Certaine Sermons or Homilies 1547-1571, Rickey and Stroup, 2nd ed, 1993, II, p161.

For as the good fruit is not the cause that the tree is good, but the tree must first be good before it can bring forth good fruit; so the good deeds of man are not the cause that maketh man good, but he is first made good by the spirit and grace of God, that effectively worketh in him, and afterward he bringth forth good fruits. 
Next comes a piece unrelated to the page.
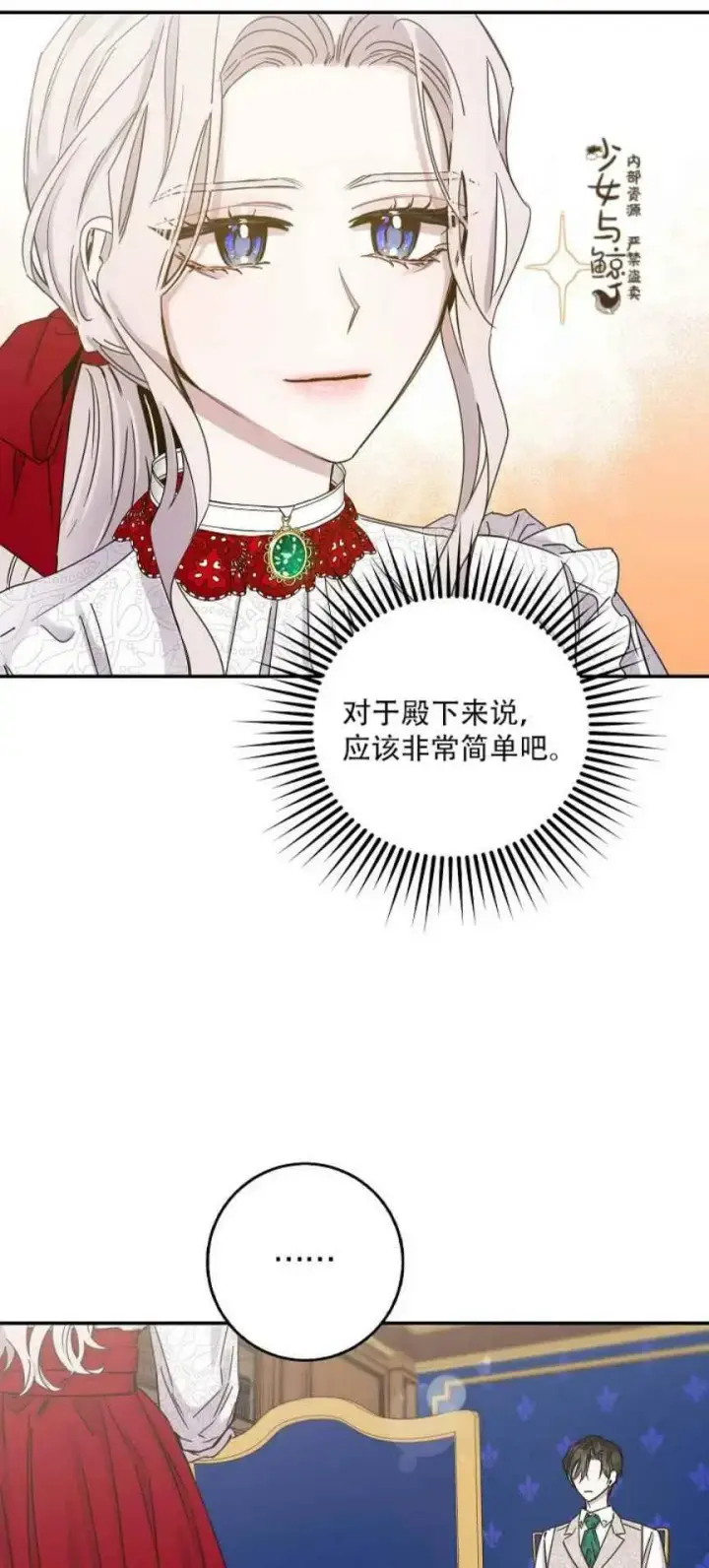 《驯服暴君后逃跑了》9.好奇心之水图8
良い実がついているからその木が良いのではなく、良い実をつける木はその実をつける前から良い木であるはずです。同じように、人間は善い行いによって善いものとされるのではなく、内に確かに働く神の霊と恵みによって善いものとなっていて、善い行いを見せているのです。(第二説教集11章2部:全訳はこちら↓)


ヨハネのひとこと

「あなたがたは、その実で彼らを見分ける。茨からぶどうが、あざみからいちじくが採れるだろうか。すべて良い木は良い実を結び、悪い木は悪い実を結ぶ。良い木が悪い実を結ぶことはなく、また、悪い木が良い実を結ぶこともできない(マタ7:16-18)。」

今回のものは聖書のこの箇所にかかわる説教の一部です。良い木は良い実を結ぶ、悪い木が良い実を結ぶことはない、したがって実をみればその木の良しあしがわかる。これをもとに人間について、善い人は善い行いをする、悪い人が善い行いをすることはない、したがって、行いを見ればその人の善し悪しがわかる、ということです。

ただ注意しないといけないのは、善い人間になるのはその人の努力にのみよるものかということです。もちろん努力は必要です。ただその努力の源泉は何であるかに思いを致すことがもっと必要です。わたしたちは神の霊と恵みによって善いものとなっていて、したがって善い行いをすることができる。けっして「ただ人間の力による」ものではないのです。

自主自立、独立独歩、粉骨砕身、ときに獅子奮迅。これらはそれぞれに尊いものですしもちろん素晴らしいもので(正しい方向であれば)善い行いにつながるものです。しかしこれらとて「ただ人間の力による」ものではありません。神に信仰をおき、日々祈り、内を霊で満たされてこそ、そうできる。わたしたち人間はそもそも小さい存在。おのが力を万能と思う不遜のないようにしたいものです。これは紙一重とも言えることです。今週も感謝しつつ過ごしましょう。


英文の解説

文頭の for は接続詞で「というのは~だからだ」の意味を持ちます。前回の投稿(#228)にあったものと同じです。続く as は接続詞で副詞節(従属節)を導きます。その副詞節は but の前のカンマまでです。副詞節の軸となる構造は the good fruit is not the cause の SVC で、補語の the cause の次に同格の名詞節 that the tree is good が続きます。「良い実が良い木であるという理由ではない」が直訳になりますが、和訳としては言わんとすることをくみ取って、少し意訳を施しています。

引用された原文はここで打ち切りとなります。